We always tend to think that successful people has been successful all life long, from their first decision. Biographies tend to focus on those items that made the story, instead of those hidden details that made a person.

Everyone recognizes the Nike Swoosh, but in his memoir, “Shoe Dog,” Nike co-founder Phil Knight details the turbulent process of developing a multibillion dollar company, from a very transparent and honest standpoint. He's not looking for marketing, focusing on how he reached success. In this book you'll find the workarounds he did to create one of the most successful companies in the world.

Much of the suspense in the book is built by the precarious nature of Knight’s finances. He started his shoe import business, known then as Blue Ribbon Sports, with $50 from his father. It was the beginning of many years of living in debt. Year after year, he goes on his knees to his bankers to beg for more credit so he could import more Japanese shoes. He rarely had any savings in the bank because he would plow all of his profits back into the company to order more shoes from Japan. Even as sales of his shoes took off, his business was constantly on life support

What I liked the most, was that during Nike history, he challenged all the management must-do statements. From financial leverage, cashflow, to how to treat employees, and the culture of the company.

A definitely must-read if you are managing a company, and want to understand the behind of the scenes of one of the most successful companies in the history.

#2 — Never Split the Difference, by Chris Voss

The beauty of empathy is that it doesn’t demand that you agree with the other person’s ideas. — Chris Voss, FBI hostage negotiator

Never Split the Difference is the first book I’ve read about the art of negotiation. I don't truly believe in those books that their only mission is to show you how to do something. In my personal and humble opinion, experience is the only thing that matter, which will must be supported by a though theory and learning.

In this book, Chris Voss, a former international hostage negotiator for the FBI, lays out his approach to high-stakes negotiations and offers a few key lessons that you can incorporate in your daily routines. Negotiation is the heart of collaboration, and is what makes conflict potentially meaningful and productive for all parties.

#1–The Ride of a Lifetime, by Robert Iger

“Don’t be in the business of playing it safe. Be in the business of creating possibilities for greatness.” — Bob Iger, Disney's CEO

This was probably one of the best books I read in my life. It's simple to read, honest, transparent, and shows the most internal part of a successful leader.
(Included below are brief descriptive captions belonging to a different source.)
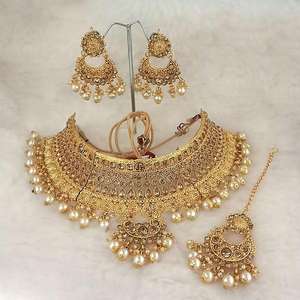 Conjuntos de joyería fina Kriaa-Collar gargantilla de piedra austriaca blanca con Maang Tikka 1113501C - Product Image 1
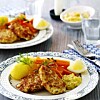 Fiskefrikadeller med citrongulerødder og remoulade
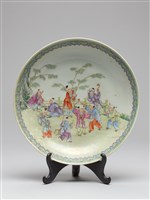 藏品(粉彩嬰戲紋圓盤)的圖片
The Ride of a Lifetime is the memoir of Robert Iger, for 15 years CEO of Walt Disney.

This book follows Iger’s journey from small-town Long Island to the high life of Los Angeles. He describes scraping gum from under desks while working his summers as a school janitor, aged 15, his stint as a weatherman after college, buying Listerine for Frank Sinatra as a studio errand boy, listening to David Lynch pitch Twin Peaks at a restaurant, discovering the Jamaican bobsled team at the Calgary Olympics, meeting three presidents of China, haggling with George Lucas for Lucasfilm, and sending Obama an advance copy of Black Panther.

The Ride of a Lifetime covers 45 years of Iger’s successful career in the media and entertainment industries, which gave him the possibility to identify, learn, and develop many valuable leadership principles. In his book, Iger provides a list of the ten principles that he deems leaders need to have. While I think that all of them are important, among the ones that struck me the most are Authenticity and Integrity. To me, being honest and genuine and carrying oneself in an ethical way are so important in leadership and in everyone else — they’re key to being respected and trusted.

Bonus: Skin in the Game: The Hidden Asymmetries in Daily Life, by Nassim Nicholas Taleb

As a part of Skin in the Game, Taleb explores the idea of disincentive undesirable behavior by enabling decisions makers to be more accountable by exposing them to the negative consequences of their actions. Bankers, bureaucrats, journalists and academicians seem natural examples for such cases, and Taleb seems to have great contempt for these career professionals. Such a tendency, according to Taleb, stems from a natural desire for what is beneficial for society or the public good.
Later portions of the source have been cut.